## Your objective
Beginning with the line that contains "White metal capping", output each line below exactly through the last one, both included, and nothing else.

-- Supplied material follows --

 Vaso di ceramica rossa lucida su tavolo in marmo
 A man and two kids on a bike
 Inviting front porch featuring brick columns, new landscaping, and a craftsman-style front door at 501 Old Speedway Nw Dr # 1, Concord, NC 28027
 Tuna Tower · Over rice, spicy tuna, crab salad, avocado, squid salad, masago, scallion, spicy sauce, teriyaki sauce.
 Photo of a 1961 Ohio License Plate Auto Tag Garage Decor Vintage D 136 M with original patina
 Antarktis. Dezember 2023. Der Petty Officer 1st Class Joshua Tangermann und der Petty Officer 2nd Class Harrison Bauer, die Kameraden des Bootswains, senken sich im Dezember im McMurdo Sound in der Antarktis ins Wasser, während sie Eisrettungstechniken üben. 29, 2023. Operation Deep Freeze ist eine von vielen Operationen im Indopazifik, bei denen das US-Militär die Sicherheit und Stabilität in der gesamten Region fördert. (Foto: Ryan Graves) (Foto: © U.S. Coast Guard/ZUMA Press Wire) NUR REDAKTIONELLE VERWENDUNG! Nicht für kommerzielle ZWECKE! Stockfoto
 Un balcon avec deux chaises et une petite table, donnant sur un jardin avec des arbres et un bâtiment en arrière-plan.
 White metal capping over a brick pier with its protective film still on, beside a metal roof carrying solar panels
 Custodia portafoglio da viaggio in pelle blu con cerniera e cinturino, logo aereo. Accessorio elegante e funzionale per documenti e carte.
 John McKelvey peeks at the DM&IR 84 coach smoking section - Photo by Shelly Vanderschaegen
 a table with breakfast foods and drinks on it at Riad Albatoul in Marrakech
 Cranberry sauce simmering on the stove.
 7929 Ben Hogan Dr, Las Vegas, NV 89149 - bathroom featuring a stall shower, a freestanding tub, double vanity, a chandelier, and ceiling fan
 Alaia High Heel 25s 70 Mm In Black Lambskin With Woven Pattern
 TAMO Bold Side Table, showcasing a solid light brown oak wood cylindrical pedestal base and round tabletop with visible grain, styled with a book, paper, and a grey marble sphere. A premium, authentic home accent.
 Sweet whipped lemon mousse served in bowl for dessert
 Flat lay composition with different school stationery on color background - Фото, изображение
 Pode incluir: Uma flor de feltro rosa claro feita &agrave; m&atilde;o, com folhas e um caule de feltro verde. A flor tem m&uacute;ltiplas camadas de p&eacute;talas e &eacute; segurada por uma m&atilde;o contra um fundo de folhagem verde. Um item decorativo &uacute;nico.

-- Supplied material concluded --

## Written answer
 White metal capping over a brick pier with its protective film still on, beside a metal roof carrying solar panels
 Custodia portafoglio da viaggio in pelle blu con cerniera e cinturino, logo aereo. Accessorio elegante e funzionale per documenti e carte.
 John McKelvey peeks at the DM&IR 84 coach smoking section - Photo by Shelly Vanderschaegen
 a table with breakfast foods and drinks on it at Riad Albatoul in Marrakech
 Cranberry sauce simmering on the stove.
 7929 Ben Hogan Dr, Las Vegas, NV 89149 - bathroom featuring a stall shower, a freestanding tub, double vanity, a chandelier, and ceiling fan
 Alaia High Heel 25s 70 Mm In Black Lambskin With Woven Pattern
 TAMO Bold Side Table, showcasing a solid light brown oak wood cylindrical pedestal base and round tabletop with visible grain, styled with a book, paper, and a grey marble sphere. A premium, authentic home accent.
 Sweet whipped lemon mousse served in bowl for dessert
 Flat lay composition with different school stationery on color background - Фото, изображение
 Pode incluir: Uma flor de feltro rosa claro feita &agrave; m&atilde;o, com folhas e um caule de feltro verde. A flor tem m&uacute;ltiplas camadas de p&eacute;talas e &eacute; segurada por uma m&atilde;o contra um fundo de folhagem verde. Um item decorativo &uacute;nico.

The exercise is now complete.